Your Instagram and Facebook Messenger chats aren't going to be encrypted like WhatsApp until 2023, Meta says
- Facebook, now Meta, announced in 2019 it would end-to-end encrypt messages on all its platforms.
- But it won't now finish doing this until 2023, its global safety chief told The Sunday Telegraph.
Meta, the company formerly known as Facebook, won't finish making your chats on Facebook Messenger and Instagram end-to-end encrypted until 2023, according to its global safety chief.

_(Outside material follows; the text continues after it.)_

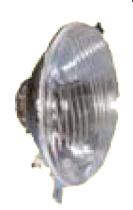 MATERIAL ELECTRICO 7055P - OPTICA JHD SERIE 20- 30- 35- 40- 50 (Ø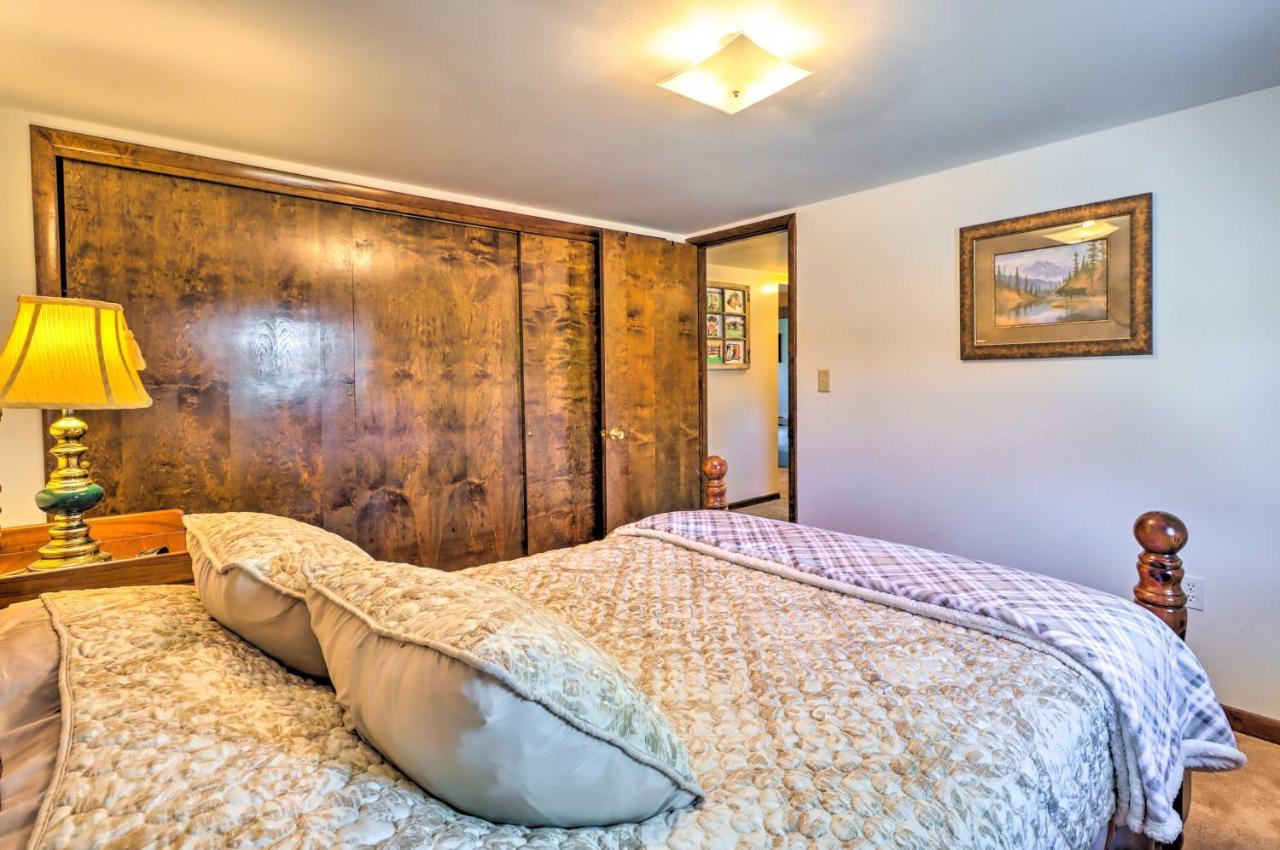 Lovely - Multiple Decks Mifflinburg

Antigone Davis wrote in the UK newspaper The Sunday Telegraph about the company's efforts to preserve childrens' safety on its platforms. "We're taking our time to get this right and we don't plan to finish the global rollout of end-to-end encryption by default across all our messaging services until sometime in 2023," Davis said.
In April, Davis told The Telegraph that the company would finish making Facebook and Instagram messenger end-to-end encrypted by 2022 at the earliest.
End-to-end encryption means that only senders and recipients are able to view the messages they send to one another.
Meta's private messaging app WhatsApp already uses end-to-end encryption, and in 2019 Meta CEO Mark Zuckerberg announced the company would merge all its messaging services' infrastructure to use encryption.
In the UK, Meta has been fighting a political battle over end-to-end encryption on its services, with a particular emphasis on child safety. In 2019, home secretary Priti Patel pressured Meta to provide workarounds so law enforcement could access people's end-to-end encrypted messages, along with officials from the Five Eyes intelligence alliance that comprises the US, UK, Canada, Australia, and New Zealand.
Meta says end-to-end encryption is important for user privacy and that it can help law enforcement identify criminals with metadata — the data that doesn't relate to the actual contents of a message.
Davis wrote in The Sunday Telegraph: "We believe people shouldn't have to choose between privacy and safety, which is why we are building strong safety measures into our plans and engaging with privacy and safety experts, civil society and governments to make sure we get this right."